El corazón humano
es un instrumento
de muchas cuerdas;
el perfecto conocedor
de los hombres las
sabe hacer vibrar todas,
como un buen músico.
Charles Dickens Capacidad de establecer contacto personal «Yo veía –me contaba con cara seria David, un chico de quince años, refiriéndose a uno de sus profesores– que aquel hombre lo pasaba realmente mal en nuestra clase.
»Y entonces me acordé de que ese profesor nuestro tendría mujer, y seguramente hijos. Y pensé en ellos, en que probablemente le estarían esperando esa noche para cenar, y le llamarían de tú, y le darían un beso al llegar a casa. Tenían este padre grandote y cansado, digno de todo cariño, al que nosotros estábamos impacientando y despreciando con aquel barullo.» Según le iba escuchando, pensaba en la notable capacidad que tenía David para observar y reconocer los sentimientos de otros. Aquel chico, a quien ya conocía de tiempo atrás, tenía un sorprendente talento para comprender lo que sucedía en el interior de las personas, y eso le hacía ser muy sociable. Era de esas personas con las que resulta agradable estar porque su destreza emocional hace a cualquiera sentirse bien a su lado.
Y pensaba en que las personas que son así tienen una valía especial, pues pueden influir muy positivamente en los demás. Son aquellos a quienes todos se dirigen cuando necesitan un consejo, unas palabras de consuelo o un rato de conversación. Era evidente que David lograba establecer enseguida un contacto personal con cualquiera. ¿A qué se debía? No resultaba fácil saberlo, pues era algo muy sutil, un conjunto de cualidades un tanto misteriosas, que se manifestaban en su forma de saludar, en el tono de voz que empleaba, en el modo de interesarse por un detalle personal, en una mirada que despierta un sentimiento de cercanía y de conexión, que hace al interlocutor sentirse bienvenido y valorado.
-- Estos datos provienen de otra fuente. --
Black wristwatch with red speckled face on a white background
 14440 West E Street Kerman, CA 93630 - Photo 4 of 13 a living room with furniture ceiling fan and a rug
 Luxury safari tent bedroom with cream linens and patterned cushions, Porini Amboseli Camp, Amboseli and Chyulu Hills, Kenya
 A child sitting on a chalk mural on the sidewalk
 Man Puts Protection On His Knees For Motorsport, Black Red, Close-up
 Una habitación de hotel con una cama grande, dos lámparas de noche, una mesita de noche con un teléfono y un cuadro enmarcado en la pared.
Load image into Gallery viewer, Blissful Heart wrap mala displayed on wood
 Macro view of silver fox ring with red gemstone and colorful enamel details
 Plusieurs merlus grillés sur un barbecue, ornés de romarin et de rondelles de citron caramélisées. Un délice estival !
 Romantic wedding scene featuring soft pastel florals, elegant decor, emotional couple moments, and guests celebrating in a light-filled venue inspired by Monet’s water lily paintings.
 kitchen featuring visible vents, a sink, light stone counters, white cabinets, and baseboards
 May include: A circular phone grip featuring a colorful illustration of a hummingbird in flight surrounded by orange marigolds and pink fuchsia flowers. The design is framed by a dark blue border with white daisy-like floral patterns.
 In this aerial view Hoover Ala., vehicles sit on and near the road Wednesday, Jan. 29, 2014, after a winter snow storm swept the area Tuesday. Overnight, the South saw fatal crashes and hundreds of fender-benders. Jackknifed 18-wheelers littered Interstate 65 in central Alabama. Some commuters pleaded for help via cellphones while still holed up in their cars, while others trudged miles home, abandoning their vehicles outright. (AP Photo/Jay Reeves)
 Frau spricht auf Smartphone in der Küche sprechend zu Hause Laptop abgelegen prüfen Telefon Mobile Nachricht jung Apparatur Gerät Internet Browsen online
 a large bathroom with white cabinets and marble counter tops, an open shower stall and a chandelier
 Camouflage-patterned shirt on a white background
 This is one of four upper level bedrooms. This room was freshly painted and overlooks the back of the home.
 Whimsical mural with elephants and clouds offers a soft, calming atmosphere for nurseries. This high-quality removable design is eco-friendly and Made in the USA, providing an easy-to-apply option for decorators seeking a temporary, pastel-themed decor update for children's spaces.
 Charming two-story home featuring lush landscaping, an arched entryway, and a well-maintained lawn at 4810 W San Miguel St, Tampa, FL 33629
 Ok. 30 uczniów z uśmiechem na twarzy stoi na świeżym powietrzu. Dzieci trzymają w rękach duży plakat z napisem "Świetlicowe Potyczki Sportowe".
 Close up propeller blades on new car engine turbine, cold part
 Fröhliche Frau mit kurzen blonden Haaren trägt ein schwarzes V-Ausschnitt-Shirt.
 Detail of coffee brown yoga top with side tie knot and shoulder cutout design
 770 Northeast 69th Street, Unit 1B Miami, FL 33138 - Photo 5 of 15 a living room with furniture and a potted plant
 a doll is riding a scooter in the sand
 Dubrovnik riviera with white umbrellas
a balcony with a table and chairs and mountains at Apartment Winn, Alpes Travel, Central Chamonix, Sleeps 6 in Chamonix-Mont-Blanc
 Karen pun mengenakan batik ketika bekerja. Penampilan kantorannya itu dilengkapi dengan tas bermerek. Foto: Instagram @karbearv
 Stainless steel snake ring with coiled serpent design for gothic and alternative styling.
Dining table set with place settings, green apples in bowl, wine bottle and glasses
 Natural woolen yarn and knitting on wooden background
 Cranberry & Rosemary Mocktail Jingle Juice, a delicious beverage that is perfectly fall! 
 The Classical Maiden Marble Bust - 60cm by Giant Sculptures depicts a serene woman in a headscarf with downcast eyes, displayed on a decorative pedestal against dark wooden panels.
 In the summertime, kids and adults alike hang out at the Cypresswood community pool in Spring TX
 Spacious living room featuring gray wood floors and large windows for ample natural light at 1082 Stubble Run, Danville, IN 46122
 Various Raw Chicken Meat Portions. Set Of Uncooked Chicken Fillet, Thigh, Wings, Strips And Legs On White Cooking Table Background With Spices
Pero, sobre todo, David reconocía muy bien cómo se sentían las personas.
—¿Y cómo se desarrolla esa capacidad? Desarrollando la capacidad de observación, y siendo capaces asociar esos sentimientos que vemos en los demás a unos determinados gestos, comentarios, expresiones faciales, tonos de voz, tipos de reacciones, etc., que también observamos simultáneamente en ellos.
—Pero eso suena un poco a obsesión psicológica por catalogar a la gente, ¿no? No se trata de eso. Puede y debe ser algo muy natural. Por ejemplo, hay personas que parecen no tener apenas capacidad para darse cuenta de si su cónyuge, su hijo, su padre, su compañero, su vecino, o quien sea, tienen buena o mala cara. ¿Por qué? Porque quizá nunca se fijan en la cara que los otros ponen, o porque van un poco a lo suyo, o no se les ocurre prestar atención a eso.
Cuando se pone un poco de interés, pronto se distingue con claridad que la cara que trae hoy es la de disgusto (o de alegría radiante). O que esa sonrisa forzada indica sutilmente que no le ha hecho ninguna gracia la broma que le han hecho. O vemos que ha torcido el labio como hace siempre que empieza a enfadarse. O que esas ojeras y la palidez de la cara revelan una larga noche de insomnio. O que ese otro silencio, o esa significativa ausencia, indican una determinada situación de crisis interior.
Es preciso aprender a interpretar los rostros. Nuestra cara y nuestros ojos reflejan misteriosamente nuestro estado interior, y almacenan una enorme carga de información, de innumerables sentimientos y motivaciones. A medida que avancemos en ese aprendizaje emocional, cada vez lograremos interpretar mejor los sentimientos que embargan a una persona, e iremos sabiendo mejor cómo comportarnos ante ella, e incluso cómo prever esos sentimientos. Esto último es especialmente importante, pues podremos saber con bastante exactitud, por ejemplo, cuándo una persona está a punto de enfadarse, o, mejor, qué es lo que le puede molestar, y qué es lo que le puede alegrar o tranquilizar.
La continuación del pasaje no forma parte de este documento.